= Beginning of Section =
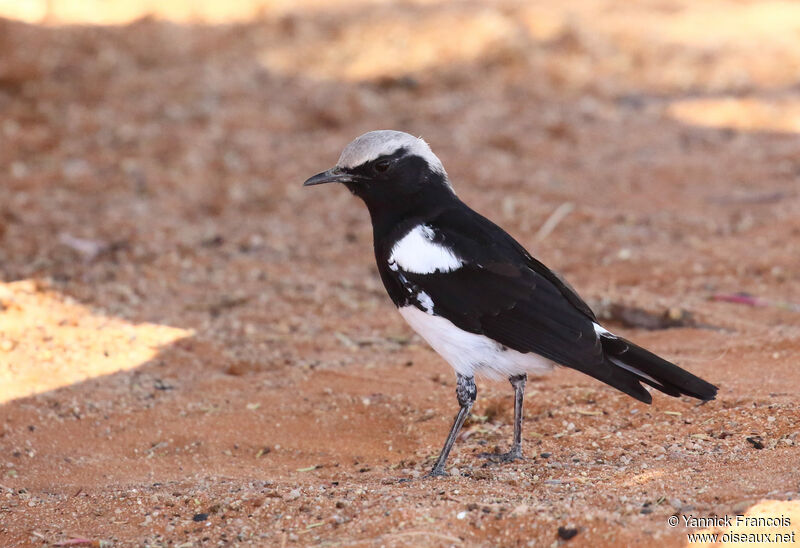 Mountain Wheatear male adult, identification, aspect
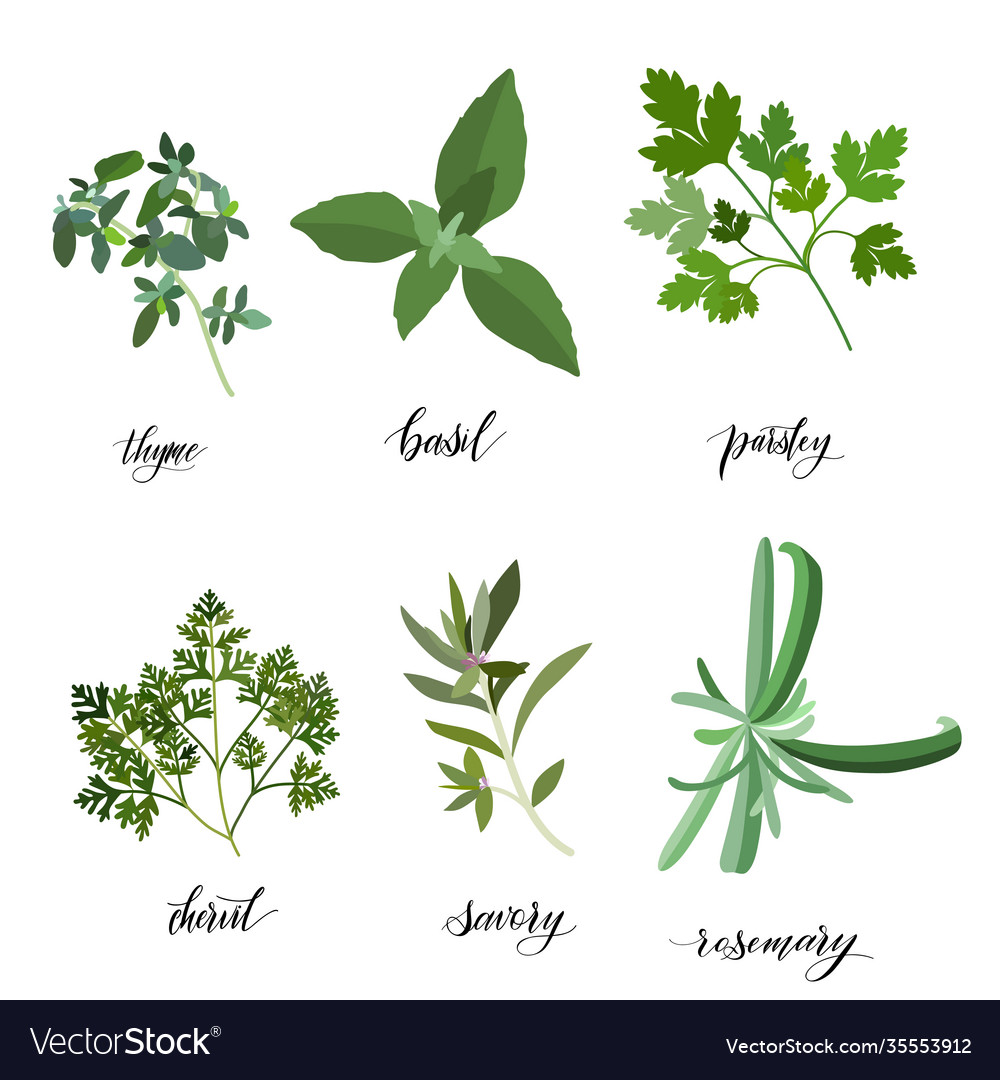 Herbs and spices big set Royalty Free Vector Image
= End of Section =
= Beginning of Section =
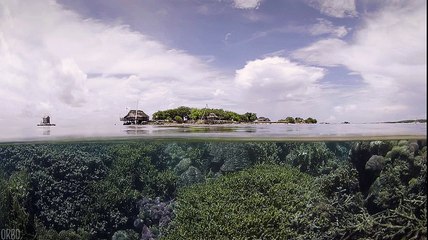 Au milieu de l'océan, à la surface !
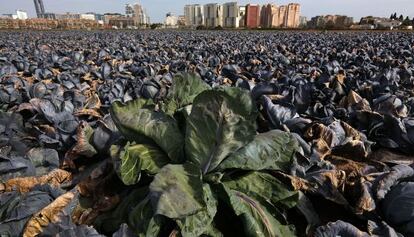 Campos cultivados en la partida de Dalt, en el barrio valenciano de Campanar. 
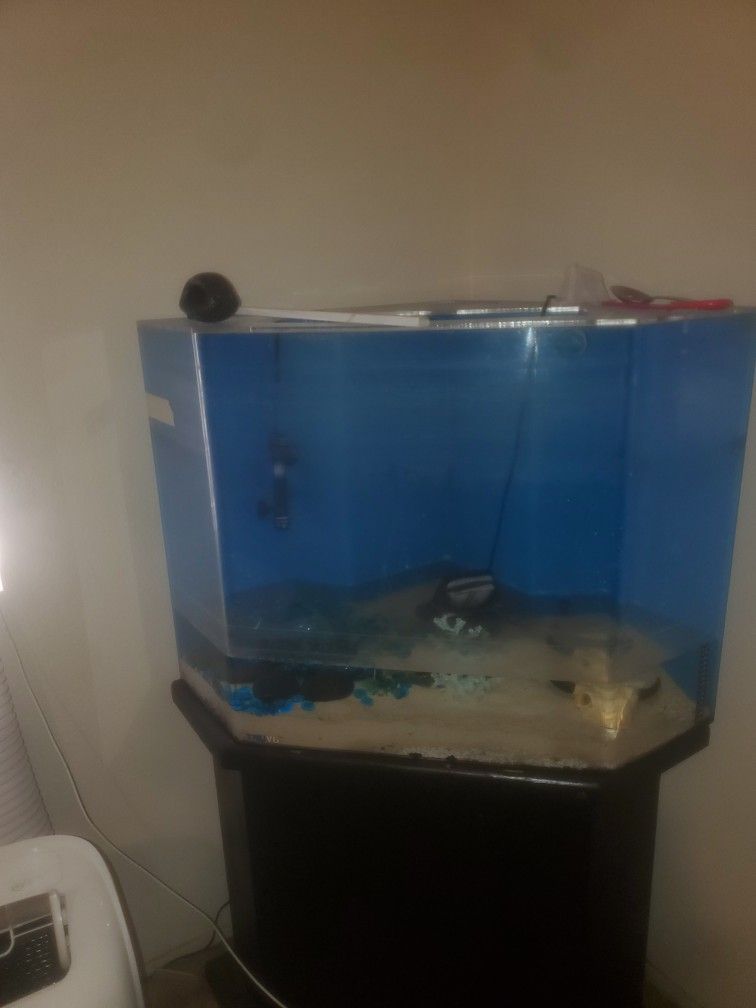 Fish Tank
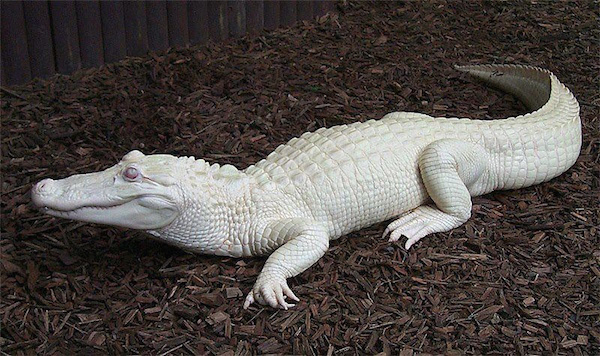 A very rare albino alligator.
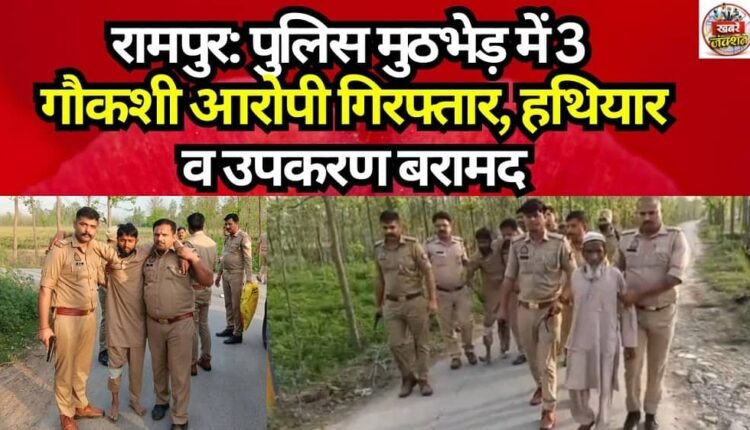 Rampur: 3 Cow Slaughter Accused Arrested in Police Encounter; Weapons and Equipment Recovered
= End of Section =
◆ TASK ITEM: Write back word for word every line in the entries above from the one with "Campos cultivados en" to the one with "Rampur: 3 Cow", ends included, and none of the pictures.

◆ SOLUTION TO THE EXERCISE:
 Campos cultivados en la partida de Dalt, en el barrio valenciano de Campanar. 
 Fish Tank
 A very rare albino alligator.
 Rampur: 3 Cow Slaughter Accused Arrested in Police Encounter; Weapons and Equipment Recovered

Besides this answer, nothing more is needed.